## SOURCE MATERIAL:

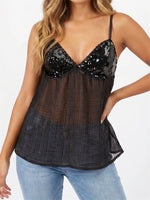 Women Spaghetti Strap Tank Tops Sleeveless Deep V Neck Sequin Corset Vest Daily Out Going Club Camisole Shirts Summer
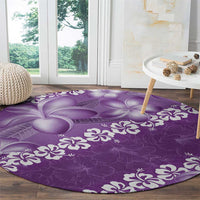 Vintage Purple Polynesia Round Carpet Plumeria With Hibiscus Tropical Vibes LT14 - Polynesian Pride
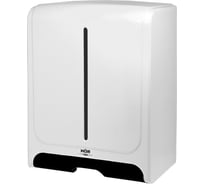 Диспенсер для бумажных полотенец hor T1 СТАНДАРТ корпус белый, нижнее стекло черное, система сложения V(ZZ) HOR-12110509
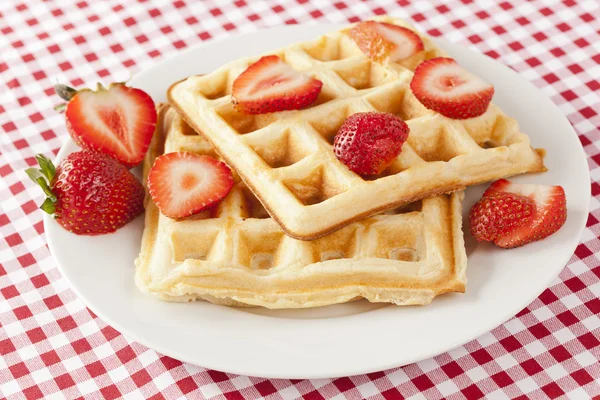 Fresh Homemade Belgium Waffles — Stock Photo, Image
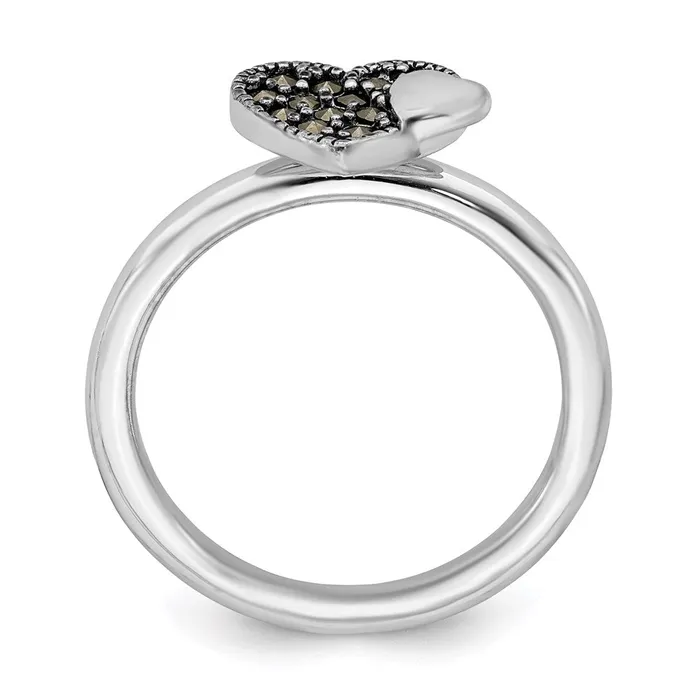 Sterling Silver Stackable Expressions Marcasite Heart Ring QSK812 Stackable Expressions Rings Sterling Silver Stackable Expressions Marcasite Heart Ring QSK812 Stackable Expressions Rings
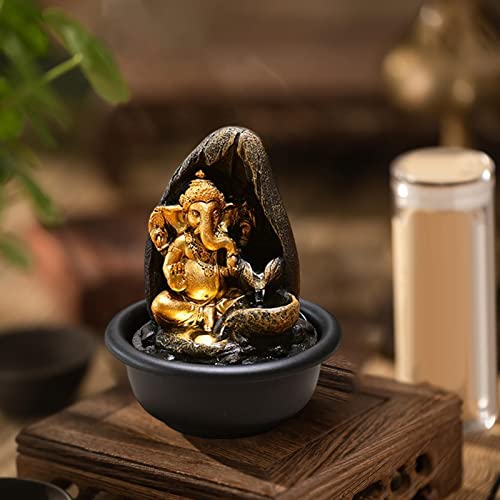 CALANDIS® Tabletop Water Fountain Buddha Statue for Office Farmhouse Birthday Gifts Hindu Ganesha Statue'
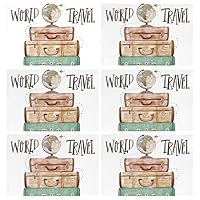 ANINILY World Travel 12" x 18" Polyester placemat Heat-Resistant and Pollution-Resistant Kitchen Dining Set of 6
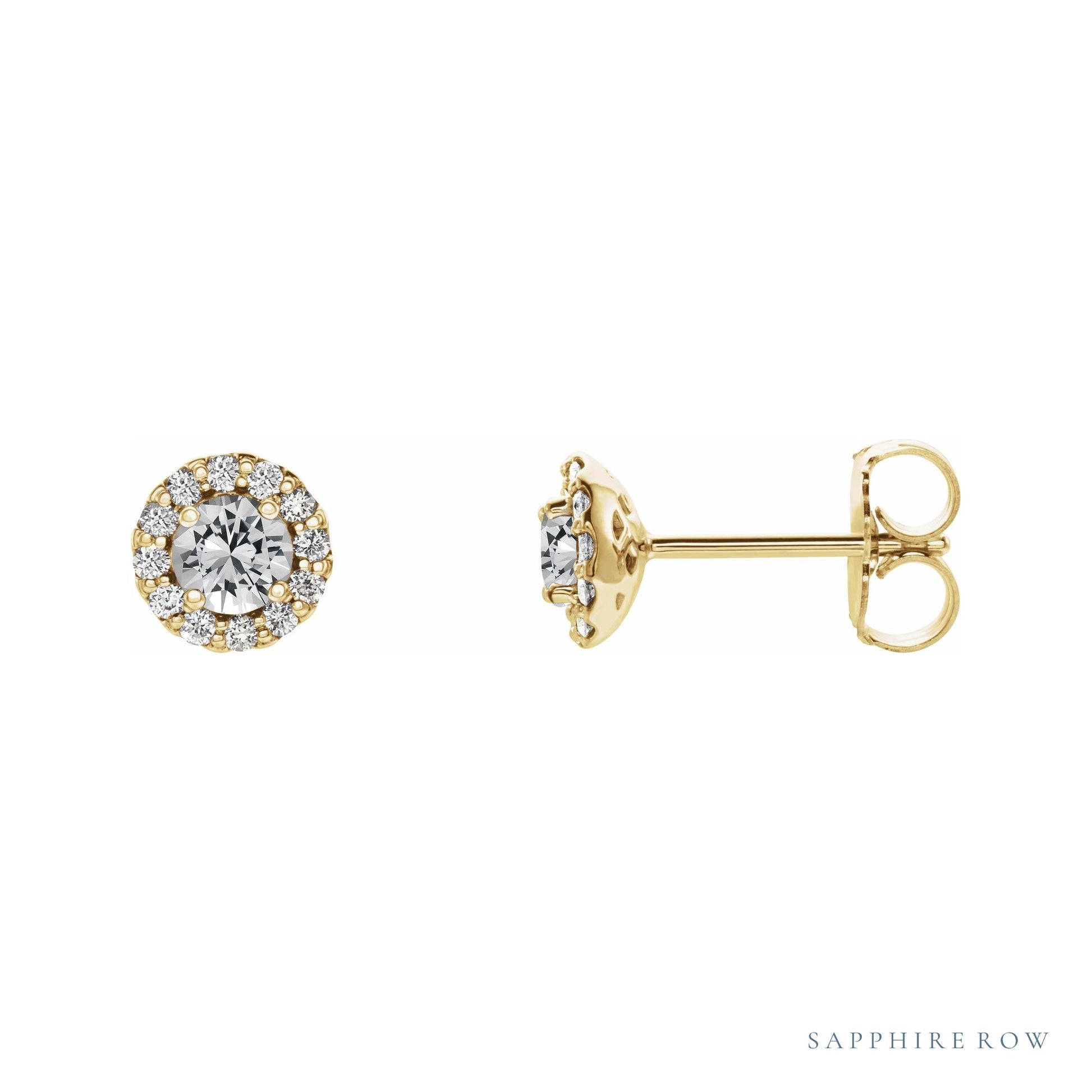 Sapphire Row Natural Gemstone Halo Stud Earrings - White Sapphire, 14K Yellow Gold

## PROMPT:
Look above for the line with "Диспенсер для бумажных" and the line with "Fresh Homemade Belgium". Give again exactly those two lines and all lines between them, pictures excluded.

## EXERCISE OUTPUT:
 Диспенсер для бумажных полотенец hor T1 СТАНДАРТ корпус белый, нижнее стекло черное, система сложения V(ZZ) HOR-12110509
 Fresh Homemade Belgium Waffles — Stock Photo, Image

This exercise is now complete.